Records contained in a dataset:
□ □ □

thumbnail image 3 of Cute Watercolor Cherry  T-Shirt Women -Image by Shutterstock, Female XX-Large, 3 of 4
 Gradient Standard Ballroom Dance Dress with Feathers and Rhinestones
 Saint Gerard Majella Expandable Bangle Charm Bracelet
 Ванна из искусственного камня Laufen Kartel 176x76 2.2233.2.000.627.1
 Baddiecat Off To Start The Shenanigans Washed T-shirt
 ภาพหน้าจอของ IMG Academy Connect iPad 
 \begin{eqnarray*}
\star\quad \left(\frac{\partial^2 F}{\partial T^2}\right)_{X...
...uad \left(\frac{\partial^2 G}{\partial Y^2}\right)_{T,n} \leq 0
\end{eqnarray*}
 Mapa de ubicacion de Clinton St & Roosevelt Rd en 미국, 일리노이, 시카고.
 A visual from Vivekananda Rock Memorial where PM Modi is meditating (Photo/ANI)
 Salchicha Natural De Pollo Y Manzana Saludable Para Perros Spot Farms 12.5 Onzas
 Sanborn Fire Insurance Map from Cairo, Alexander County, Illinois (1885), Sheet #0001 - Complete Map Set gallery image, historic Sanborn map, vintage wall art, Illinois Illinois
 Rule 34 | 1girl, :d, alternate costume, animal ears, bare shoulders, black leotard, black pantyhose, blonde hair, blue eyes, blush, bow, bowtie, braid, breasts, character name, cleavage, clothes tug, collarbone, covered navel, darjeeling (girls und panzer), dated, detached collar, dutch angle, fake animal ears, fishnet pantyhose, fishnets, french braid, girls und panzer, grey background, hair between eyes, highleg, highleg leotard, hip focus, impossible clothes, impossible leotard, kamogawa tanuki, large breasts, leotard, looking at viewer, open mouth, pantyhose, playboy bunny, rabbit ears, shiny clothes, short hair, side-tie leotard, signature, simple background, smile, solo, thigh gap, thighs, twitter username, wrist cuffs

□ □ □

> Goal of the exercise
Copy the entries word for word. Start at the first line and end with the line containing "A visual from".

> Solution for this task
thumbnail image 3 of Cute Watercolor Cherry  T-Shirt Women -Image by Shutterstock, Female XX-Large, 3 of 4
 Gradient Standard Ballroom Dance Dress with Feathers and Rhinestones
 Saint Gerard Majella Expandable Bangle Charm Bracelet
 Ванна из искусственного камня Laufen Kartel 176x76 2.2233.2.000.627.1
 Baddiecat Off To Start The Shenanigans Washed T-shirt
 ภาพหน้าจอของ IMG Academy Connect iPad 
 \begin{eqnarray*}
\star\quad \left(\frac{\partial^2 F}{\partial T^2}\right)_{X...
...uad \left(\frac{\partial^2 G}{\partial Y^2}\right)_{T,n} \leq 0
\end{eqnarray*}
 Mapa de ubicacion de Clinton St & Roosevelt Rd en 미국, 일리노이, 시카고.
 A visual from Vivekananda Rock Memorial where PM Modi is meditating (Photo/ANI)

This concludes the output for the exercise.